What does HackerNews think of GLM-130B?

GLM-130B: An Open Bilingual Pre-Trained Model (ICLR 2023)

Language: Python

GLM-130B[1] is something comparable to GPT-3. It's a 130billion parameter model vs GPT-3's 175 billion, and it can comfortably run on current-gen high end consumer level hardware. A system with 4 RTX 3090s (< $4k) gets results in about 16 seconds per query.

The proverbial 'some guy on Twitter'[2] got it setup, and broke down the costs, demonstrated some prompts, and what not. The output's pretty terrible, but it's unclear to me whether that's inherent or a result of priority. I expect OpenAI spent a lot of manpower on supervised training, whereas this system probably had minimal, especially in English (it's from a Chinese university).

If these technologies end up as anything more than a 'novelty of the year' type event, then I expect to see them able to be run locally on phones within a decade. There will be a convergence between hardware improving and the software getting more efficient.

[1] - https://github.com/THUDM/GLM-130B

[2] - https://twitter.com/alexjc/status/1617152800571416577

GLM-130B[1] (a 130 billion parameter model vs GPT-3's 175 billion parameter model) is able to run optimally on consumer level high-end hardware, 4xRTX 3090 in particular. That's < $4k at current prices, and as hardware prices go one can only imagine what it'll be in a year or two. It also enables running with degraded performance on lesser systems.

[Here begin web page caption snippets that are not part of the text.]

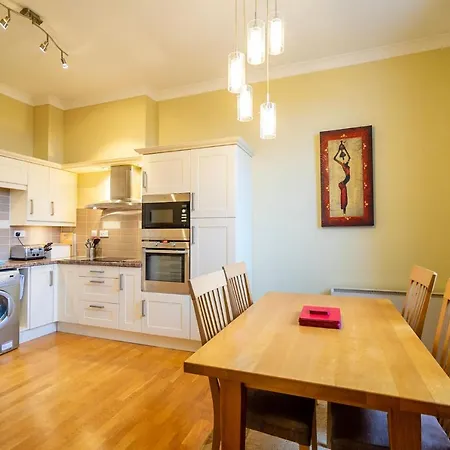 43 County House * York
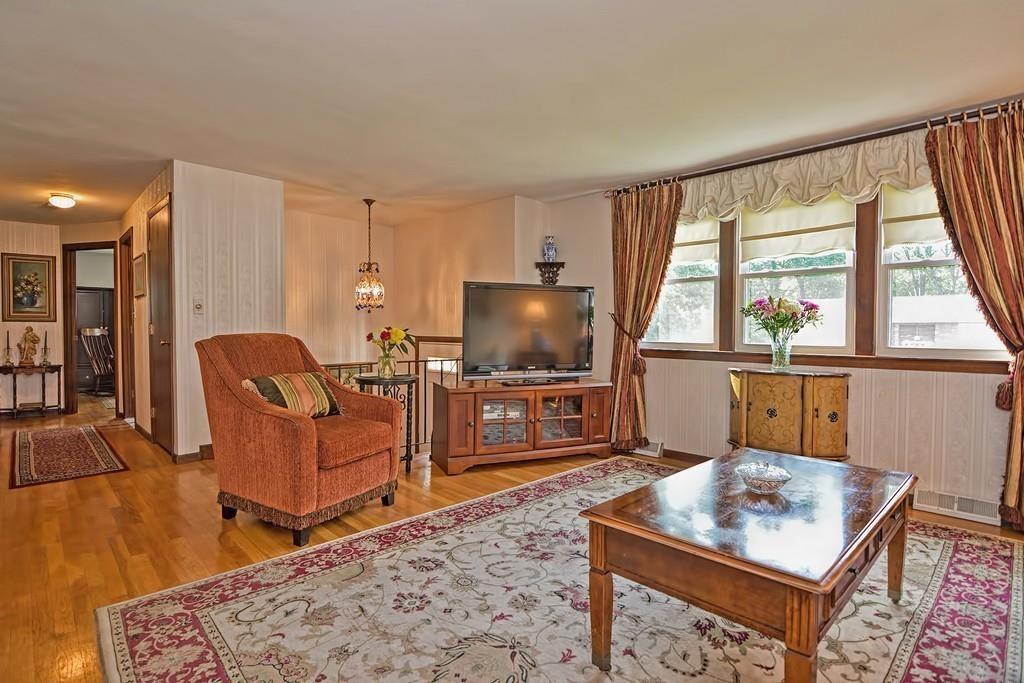 16 Tamarack Road Natick, MA 01760 - Photo 8 of 36 Gallery Image 8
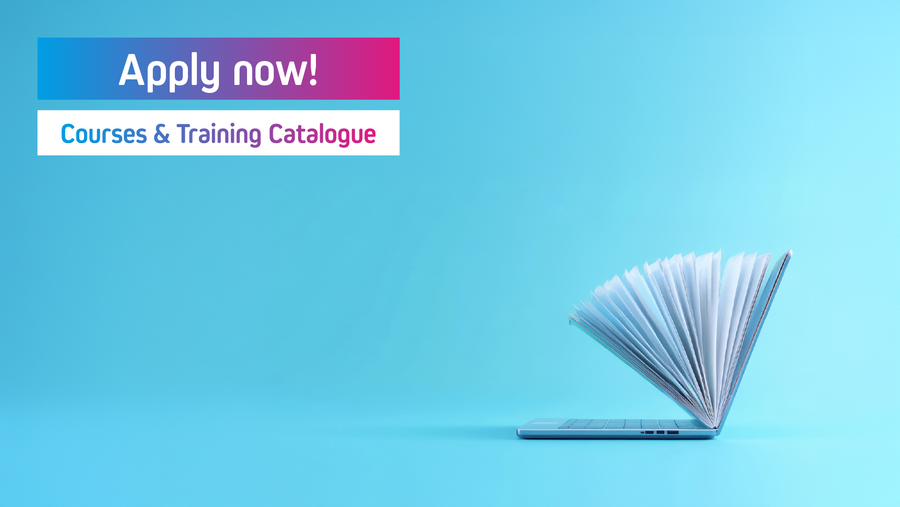 Imaxe promocional da Catálogo de Cursos de EUniWell. Contén a imaxe dunibro aberto.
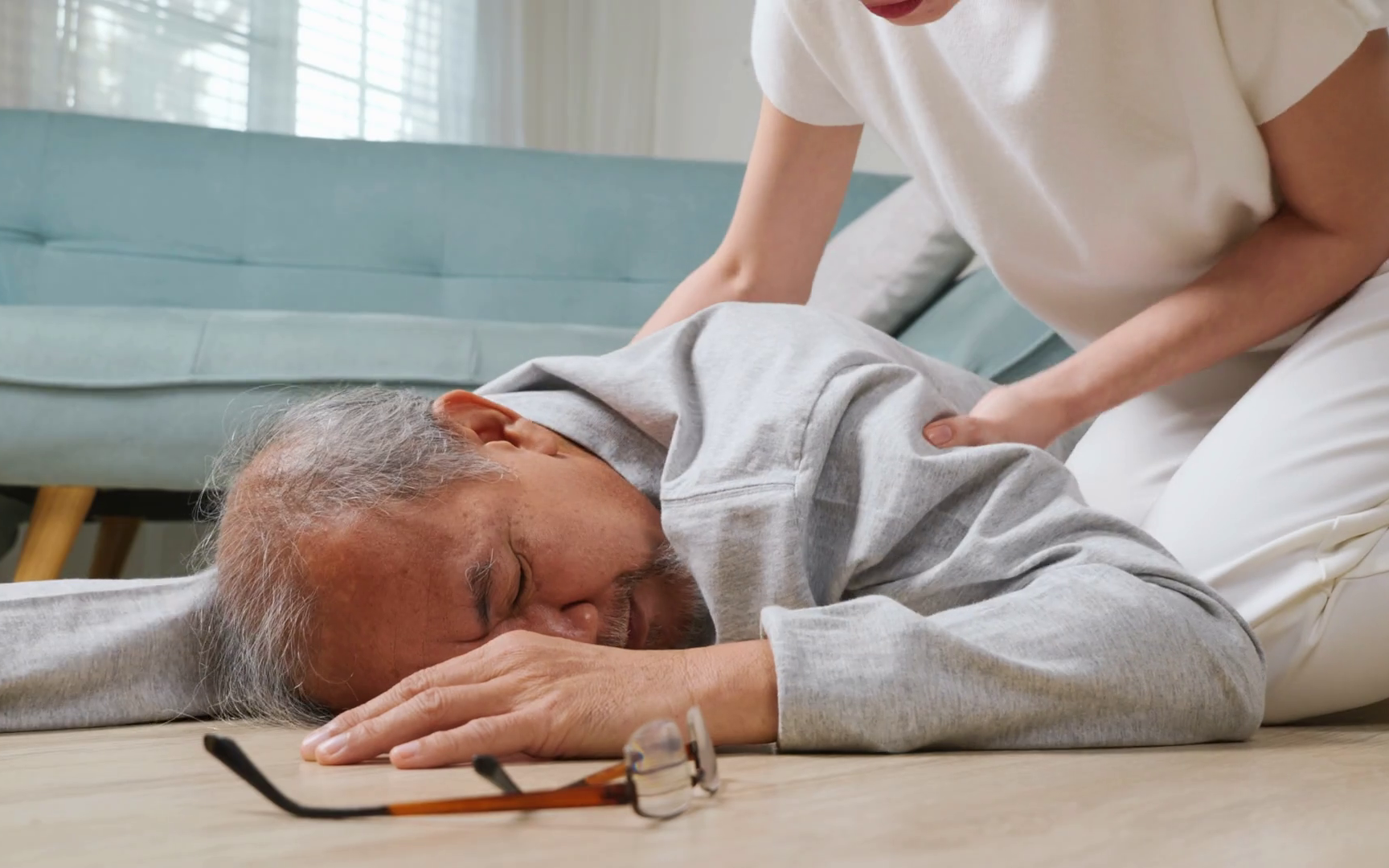 Bác sĩ chỉ cách phân biệt đột quỵ và đột tử để sơ cứu đúng cách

It's a whole lot cheaper to run neural net style systems than to train them. "Somebody on Twitter"[2] got it setup, and broke down the costs, demonstrated some prompts, and what not. Cliff notes being a fraction of a penny per query, with each taking about 16s to generate. The output's pretty terrible, but it's unclear to me whether that's inherent or a result of priority. I expect OpenAI spent a lot of manpower on supervised training, whereas this system probably had minimal, especially in English (it's from a Chinese university).

[1] - https://github.com/THUDM/GLM-130B

[2] - https://twitter.com/alexjc/status/1617152800571416577

Can you think of any non-weapons examples where centralization/gatekeeping of a tech meaningfully and causally benefited society or a technology itself?

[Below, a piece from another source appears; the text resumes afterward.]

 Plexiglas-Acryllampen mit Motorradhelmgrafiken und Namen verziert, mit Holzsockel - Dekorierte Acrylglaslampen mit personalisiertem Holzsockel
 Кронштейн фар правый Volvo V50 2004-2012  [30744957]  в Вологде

Actually, thinking about my own question I'm even inclined to remove the non-weapons qualifier. The most knee jerk response, nuclear weapons, is perhaps the best example of unexpected benefit. The 'decentralization' of nuclear weapons is undoubtedly why the Cold War was the Cold War, and not World War 3. And similarly why we haven't* seen an open war between nations with nuclear weapons. One power to rule over all suddenly turned into "war with this country no longer has a win scenario" effectively ending open warfare between nuclear nations.

There's also the inevitability/optics argument. There are already viable open source alternatives [1], and should this tech ultimately prove viable/useful that will only be the beginning. So there certainly will be "ai" that will be open, it just won't come from OpenAI(tm)(c).

[1] - https://github.com/THUDM/GLM-130B

There are a handful of "open source LLM" initiatives out there, although I don't think any of them are quite up to the level of ChatGPT. Possibly one of the more interesting ones is GLM-130B.

https://github.com/THUDM/GLM-130B

Released by some folks at Tsinghua University in China, back in August. The model itself is licensed under some janky "free to use, but not open source" license, but it looks like most of the code for training, evaluation, etc. is available and licensed under either the Apache License or a BSD-like license.

You might also find this of interest:

https://arxiv.org/pdf/2103.08894 - "Distributed Deep Learning Using Volunteer Computing-Like Paradigm"

FWIW, I tend to agree with your overall sentiment. As AI becomes progressively more capable, it represents an ever increasing possibility of consolidating more and more power into the hands of fewer and fewer entities. I believe that one way to counter that (albeit not one without its own risks) is to democratize access to AI as much as possible.

Actually, now that I think about it, wasn't something along those lines purportedly the original idea behind OpenAI in the first place? Or am I having a "Mandela Moment" and mis-remembering?